Die Sänger des Dschungels sterben aus
Lemuren. Wenn nicht sofort gehandelt wird, riskiert die Menschheit den Verlust einer ganzen Unterordnung ihrer Verwandtschaft.
WIEN (SN). Madagaskar, die tropische Insel vor der Ostküste Mosambiks im Indischen Ozean, ist die Heimat der Lemuren. Dort leben mehr als 100 verschiedene Arten, vom Mausmaki angefangen, der nicht mehr als 30 Gramm auf die Waage bringt, bis hin zum Indri, der größten Lemurenart, die gute zehn Kilogramm wiegt und den Madagassen heilig ist. Die vielen verschiedenen Lemurenarten sind jetzt massiv vom Aussterben bedroht. Ursachen dafür sind vor allem die illegalen Abholzungen der Dschungelgebiete, vor allem im Norden der riesigen Insel.

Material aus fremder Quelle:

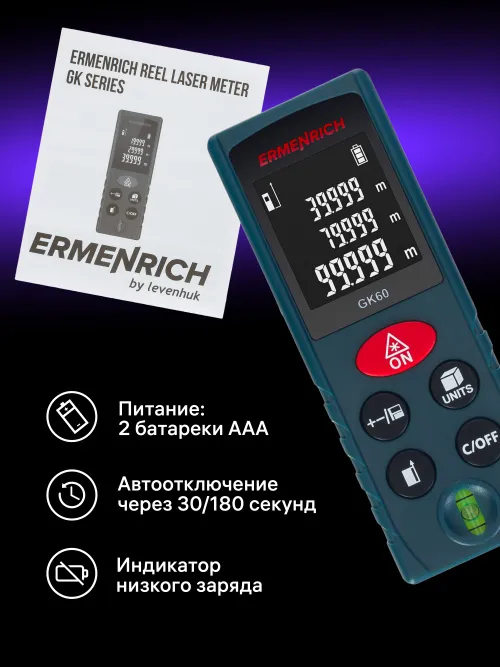 Лазерная рулетка Ermenrich Reel PLUS GK60,  9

Lemuren sind Halbaffen und zählen zu den Primaten. Sie sind sehr klug und leben in starken sozialen Gruppen. Die meisten von ihnen haben farbenprächtige Felle und sie sind ausgezeichnete Sänger. Ihre lang gezogenen, durchdringend lauten, manchmal sogar im Duett gesungenen Gesänge sind typisch für eine madagassische Nacht. Der Name der Tiere leitet sich von den Lemuren, den römischen Totengeistern, ab und spielt auf ihre fast ausschließlich nächtliche Lebensweise an. Und auch auf ihre Glotzaugen und ihre markanten Gesichtszeichnungen, die an Totenschädel erinnern.

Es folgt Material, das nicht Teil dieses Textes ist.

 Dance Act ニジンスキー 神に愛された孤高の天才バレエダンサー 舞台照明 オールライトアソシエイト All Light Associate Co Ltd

Zuletzt haben der illegale Holzeinschlag und Brandrodungen auf der Insel verheerend zugenommen. Die Lemuren werden getötet, gejagt oder kommen in den Flammen um. Laut Naturschutzorganisation der Vereinten Nationen IUCN sind 22 Lemurenarten vom Aussterben bedroht, 48 stark gefährdet und 20 gefährdet. Damit stehen 94 Prozent der weltweiten Lemurenpopulation auf der Roten Liste.
Deshalb schlagen jetzt Forscher Alarm, unter anderem auch die Wissenschafter der Veterinärmedizinischen Universität Wien. Mit einem Drei-Jahres-Aktionsplan der IUCN sollen die Lemuren vor dem Aussterben gerettet werden. Die Wiener Forscher erklären, wie: Die Lemuren nehmen auf Madagaskar eine wichtige ökologische, aber auch wirtschaftliche Rolle ein. Sie verteilen Samen in Madagaskars Wäldern und sichern so die Artenvielfalt. Ihr Ver- lust würde eine ganze Kaskade des Aussterbens anderer Tierarten auslösen. Lemuren ziehen aber auch Touristen an, die auf der Insel ein wichtiger Wirtschaftsfaktor geworden sind. Genau auf den Tourismus setzt man auch in Zukunft. Denn nur wenn es sich für die durchwegs sehr arme Bevölkerung auszahlt, die Tiere zu schützen, weil dadurch der Tourismus floriert, kann den Tieren – im günstigen Fall – damit geholfen werden. Daher setzen die For- scher auf verbesserte Managements der Naturschutzzonen auf der Insel.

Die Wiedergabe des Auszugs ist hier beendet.